The Best Food Books of 2013


Each year also brings a crop of chef's books, almost uniformly useless in the home kitchen but worth looking at if the mind of the chef interests you. One exception is when a particularly talented editor works as interpreter for the home cook. So you know that The Gramercy Tavern Cookbook (Clarkson Potter), by Michael Anthony, will work, because Dorothy Kalins, founding editor of the US edition of Saveur, is listed as producer. Anthony's taste, like the New York City restaurant's, is for fairly homey, if beautifully presented, American food. Kalins also brings us another slice of America in John Besh's Cooking From the Heart (Andrews McMeel), a lavish and handsome picture book that's more or less a biography of where Besh, the charismatic former Marine and now TV personality, trained and traveled before establishing his several restaurants in New Orleans, particularly the German Black Forest and Provence. The new book reads like a long magazine or travel book with particularly appealing recipes. 

Here are the three chef’s minds you need to look into this year: Pickles, Pigs and Whiskey: Recipes From My Three Favorite Food Groups (and Then Some) (Andrews McMeel), by John Currence, who reinvents Southern food at his City Grocery, the culinary heart of Oxford, Mississippi, a place with plenty of heart. Currence, a native New Orleanian, knows the ingredients of the South, and so will use, say, Steen's cane syrup (which I wrote about after visiting a Louisiana plant) with pork belly braised in ham stock, or emblematic yellow cornmeal in chicken-skin cornbread.

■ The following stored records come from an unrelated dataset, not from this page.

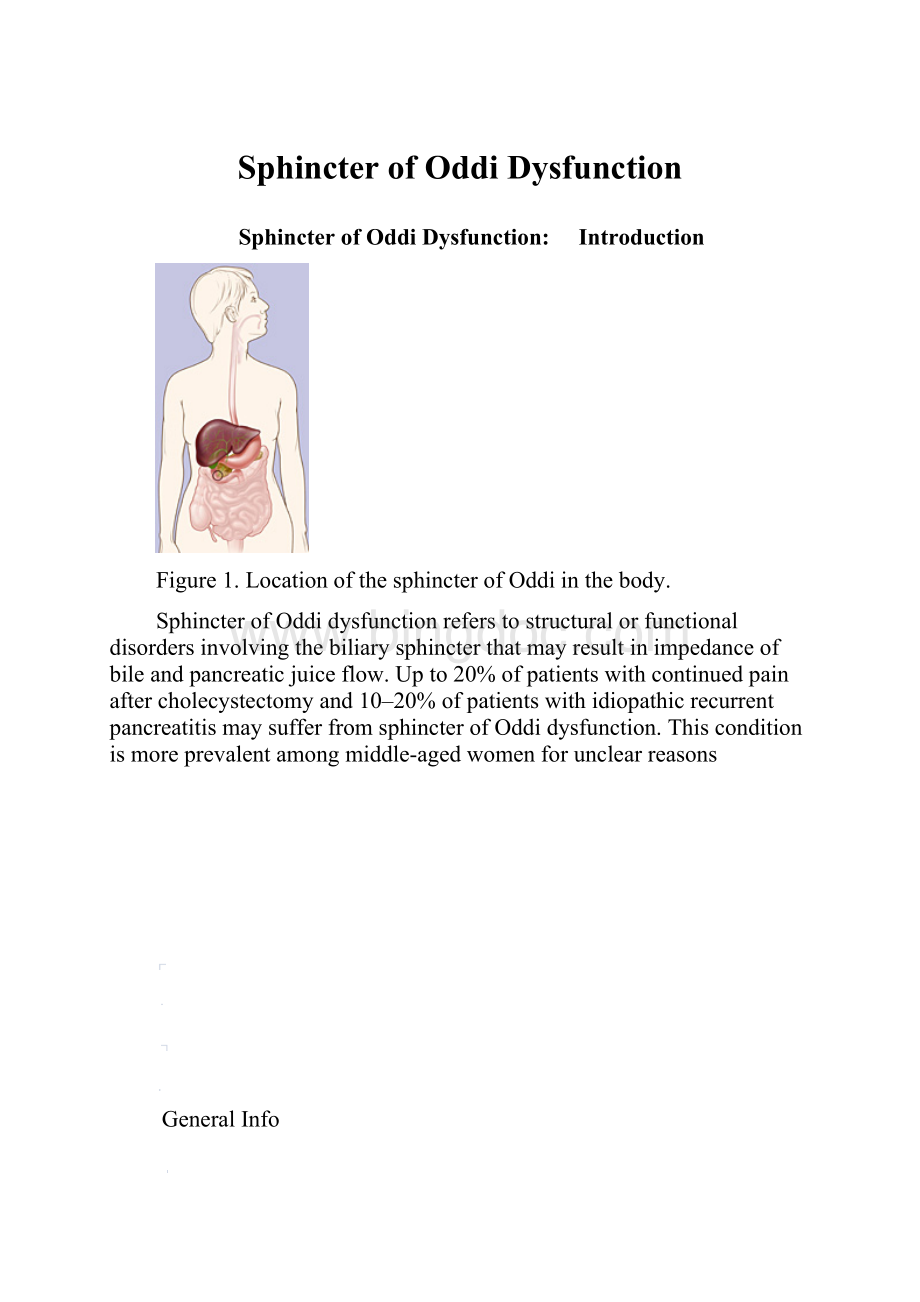 Sphincter of Oddi Dysfunction.docx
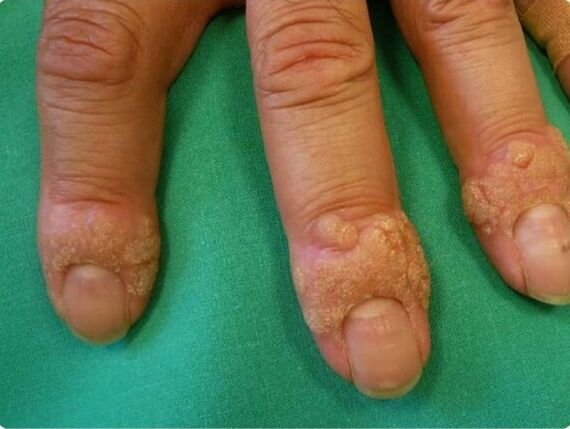 how to get rid of warts on the fingers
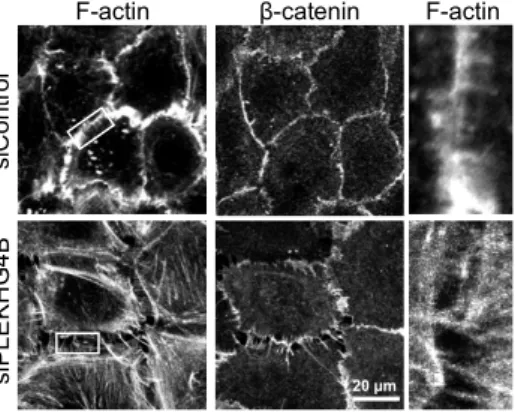 Figure 1. Effects of PLEKHG4B knockdown on  cell-cell adhesion in A549 cells. Control cells (top)  and PLEKHG4B knockdown cells (bottom) were  stained for actin cytoskeleton and β-catenin (AJ)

Andy Ricker has spent nearly 20 years traveling in Thailand, and his Pok Pok, in Portland and now New York City, has become a cult. You'll see why in Pok Pok (written with J.J. Goode; Ten Speed Press), as rich and complex a guide to a rich and complex cuisine as I've seen, destined to join David Thompson's Thai Food as classic explanatory works in English. A few recipes, like stir-fried brussels sprouts with Thai fish sauce and soy sauce and chiles, garlic, are thinkable in home kitchens, but most are flavor-layered curries and soups  and noodle dishes so interesting you'll want to re-equip your pantry. And following his instructions you'll be able to: Ricker is careful to specify kitchen implements, mail-order sauces, provide a very clear guide to ingredients, and to admit what's (fairly) easy and what's really hard. He's a natural teacher.

Ten-Speed Press

David Kinch is a chef's chef. At Manresa, his restaurant an hour south of San Francisco on the California coast, he serves beautiful and extremely sophisticated food informed by haute cuisine in Scandinavia and Europe (Michelin has for five years given him two stars) and made with produce from Love Apple, a farm the restaurant owns in partnership with a local lawyer-turned-farmer named Cynthia Sandberg (not Sheryl's sister). His recipes are almost exclusively for other chefs, but also fascinating (spot prawns with bone marrow and artichokes, creamy nasturtium rice with passion fruit and crab, and if you've wanted to make the edible soil on so many trendy menus at home, here's your source). In Manresa: An Edible Reflection (Ten Speed Press), written with Christine Muhlke, the executive editor of Bon Appetit, you'll see why his fellow chefs hold Kinch in almost unique regard. I can't help hoping every chef will take this to heart: "When it comes to inspiration beyond Love Apple, I don't turn to the Internet. Absorbing all of that content without actually tasting the food and experiencing the restaurant can pollute a chef's vision."        


Simon & Schuster

Cross all parents of young children off your gift list by buying them Chop Chop: The Kids' Guide to Cooking Real Food With Your Family (Simon & Schuster Paperbacks), the book version of an innovative nonprofit quarterly magazine created by Sally Sampson, one of the country's most skilled and experience cookbook writers. Sampson has solved a puzzle everyone talks about—how to make children and families cook—by being truly cross-cultural, practical, explicit, and never patronizing. Whether cheeseburgers, chili, gazpacho, homemade peanut butter, fajitas, or molasses cookies, these are recipes that will teach parents as well as children, and fill refrigerators for weeknight suppers.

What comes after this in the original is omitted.